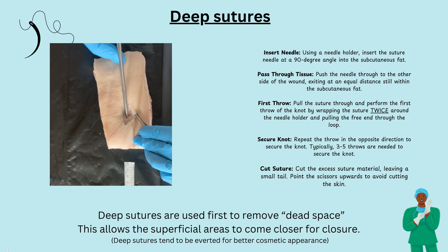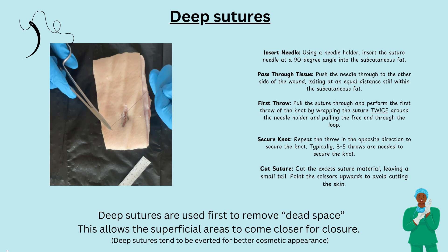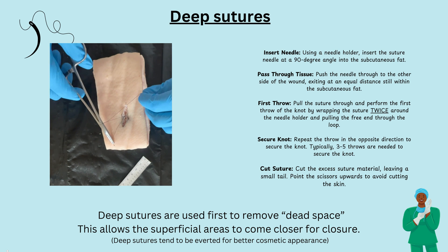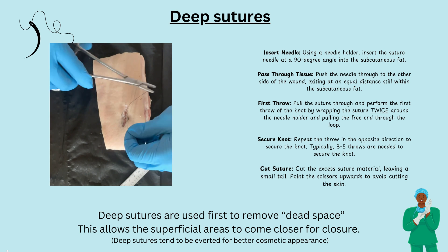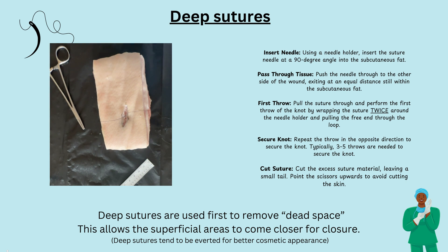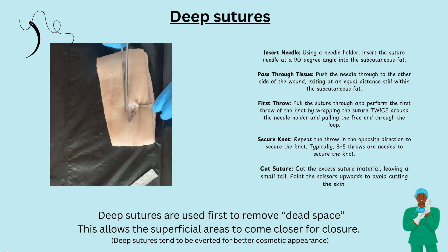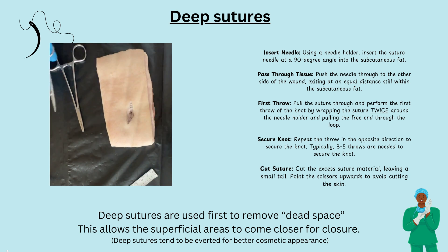Using a needle holder, insert the suture needle at 90 degrees into the subcutaneous fat. Push the needle through the other side of the wound, exiting at an equal distance still within the subcutaneous fat. Pull the suture through and perform the first throw of the knot by wrapping the suture twice around the needle holder and pulling the free end through the loop. Repeat the throw in the opposite direction to secure the knot. Typically three to five throws are needed. Cut excess suture material.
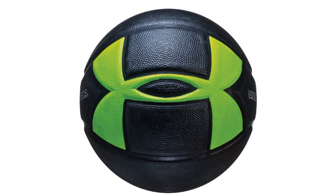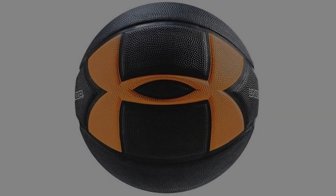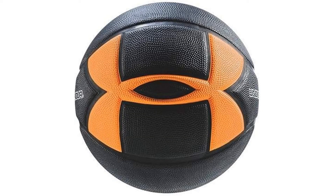The grooves which surround the logo mean the ball possesses a very inconsistent feel, with every shot featuring a different combination of grooves underneath your fingertips. This makes it very difficult to shoot consistently. For the inclusion of a huge piece of advertising on the ball, this is not worth it. Give this ball a miss.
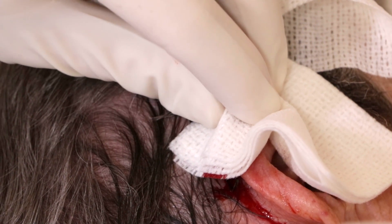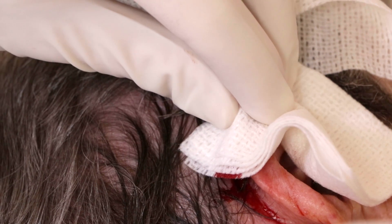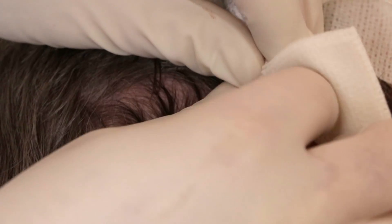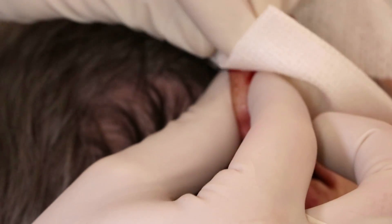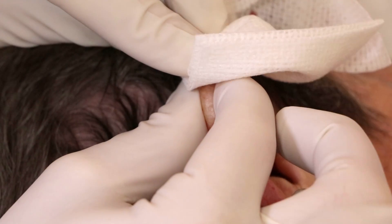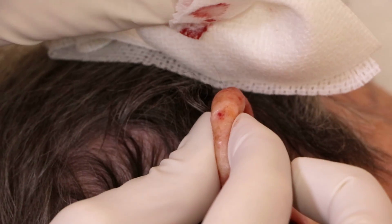For the wound seal, to get ready for it, I'm going to be pinching the ear down here. See how that makes the bleeding stop?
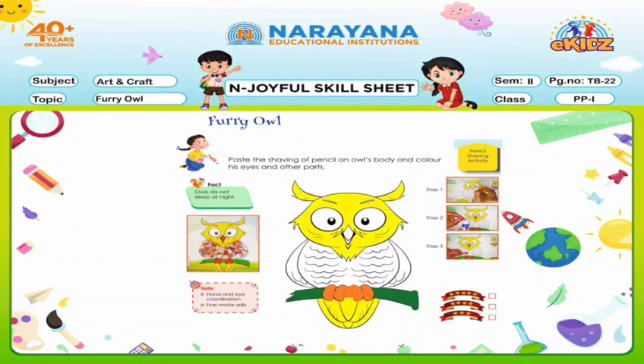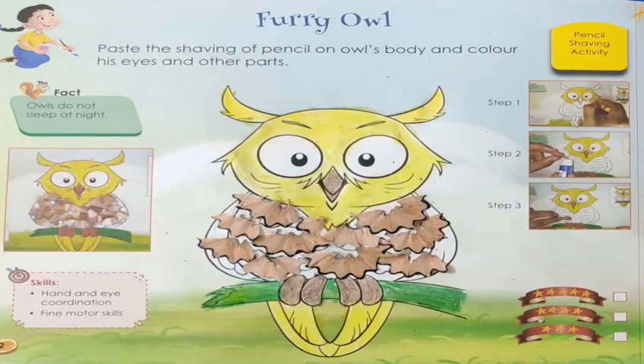First you have to color his body and other parts like this. Then you have to paste the shavings of the pencils like this — I have done it for you. So complete your home assignment.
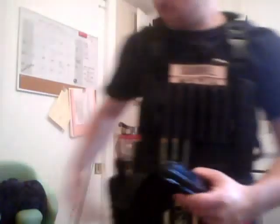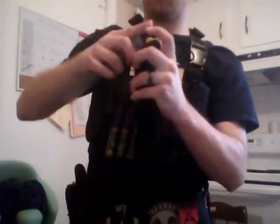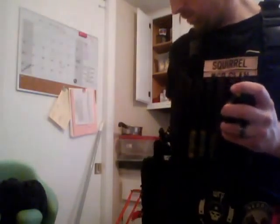That's how it's done on the front. Reach behind, pull down, spin the handle, and put it back. That's my little reload video.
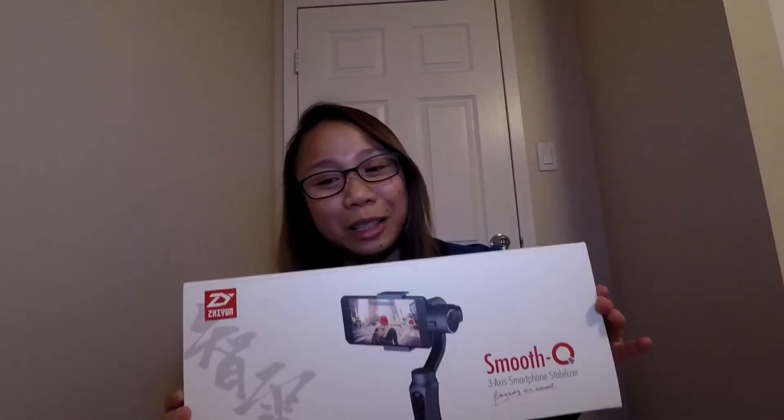Two weeks ago, my mom and I went to the Apple Store and we saw this mobile gimbal. Actually, it was a different brand, and I was just so fascinated by it. I was thinking to buy one for myself because I love to take videos whenever I travel or whenever I just wanted to take a video or vlog. So the gimbal that I bought is not the one we saw at the Apple Store — it's a different brand, and that brand is $20 more compared to this one I bought from Amazon. The gimbal I bought is the Zion Smooth Cube.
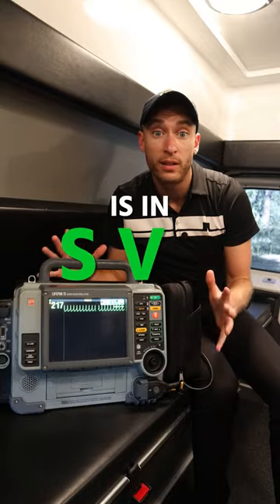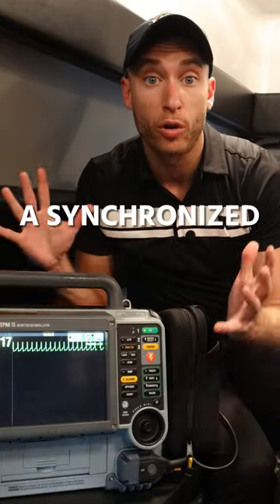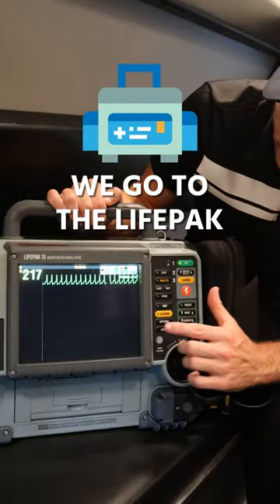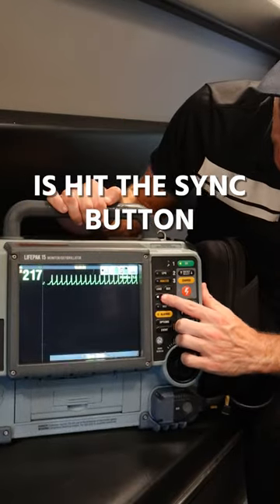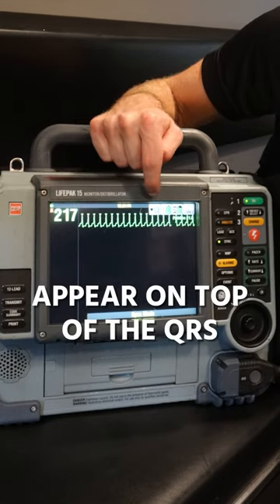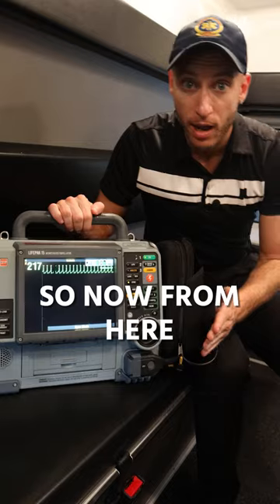Your patient right now is an SVT and we have to deliver a synchronized cardioversion — they're unstable. Here's what we do: we go with the LifePak and we hit the sync button. Look very closely — you're going to see these little triangles appear on top of the QRS.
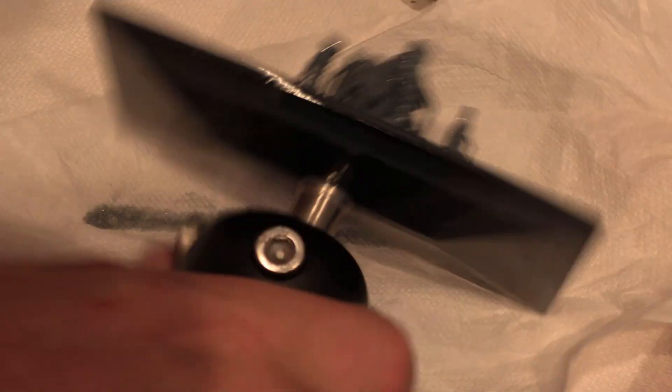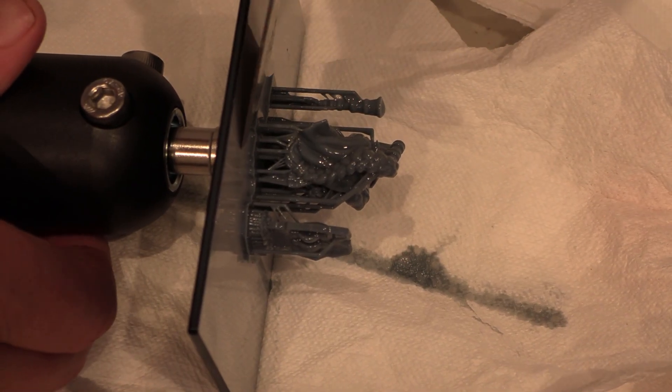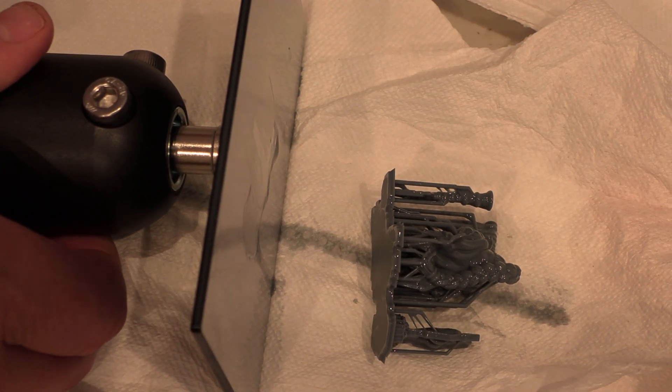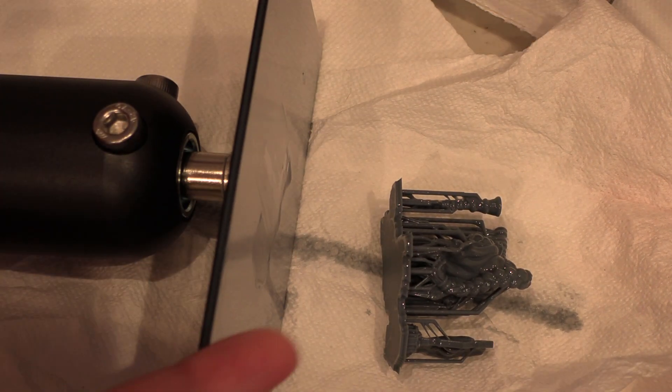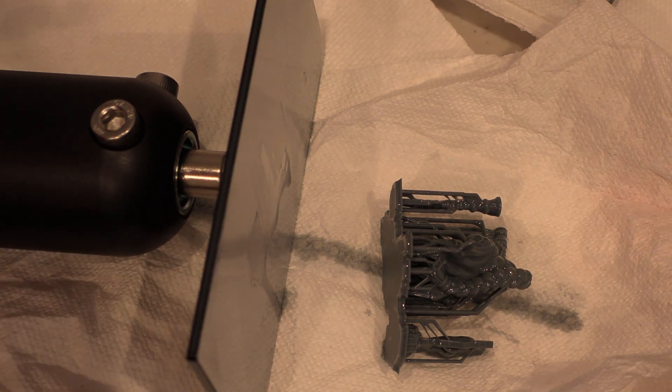Let me show you how I remove a print and how you should be able to remove your prints. Your bottom layer time should be set so you can just gently get your spatula, razor blade, or whatever you're using just under the edge, and then basically the print should pop off. If you're having to chisel the bottom of those supports or whatever you have at the bottom,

■ EXERCISE REQUIREMENTS:
Above this task is a listing with pictures in it. Retype only the lines from the one containing "The grooves which" through the one containing "Your patient right", both included, and not the pictures.

■ RESULT:
The grooves which surround the logo mean the ball possesses a very inconsistent feel, with every shot featuring a different combination of grooves underneath your fingertips. This makes it very difficult to shoot consistently. For the inclusion of a huge piece of advertising on the ball, this is not worth it. Give this ball a miss.
For the wound seal, to get ready for it, I'm going to be pinching the ear down here. See how that makes the bleeding stop?
First you have to color his body and other parts like this. Then you have to paste the shavings of the pencils like this — I have done it for you. So complete your home assignment.
That's how it's done on the front. Reach behind, pull down, spin the handle, and put it back. That's my little reload video.
Two weeks ago, my mom and I went to the Apple Store and we saw this mobile gimbal. Actually, it was a different brand, and I was just so fascinated by it. I was thinking to buy one for myself because I love to take videos whenever I travel or whenever I just wanted to take a video or vlog. So the gimbal that I bought is not the one we saw at the Apple Store — it's a different brand, and that brand is $20 more compared to this one I bought from Amazon. The gimbal I bought is the Zion Smooth Cube.
Your patient right now is an SVT and we have to deliver a synchronized cardioversion — they're unstable. Here's what we do: we go with the LifePak and we hit the sync button. Look very closely — you're going to see these little triangles appear on top of the QRS.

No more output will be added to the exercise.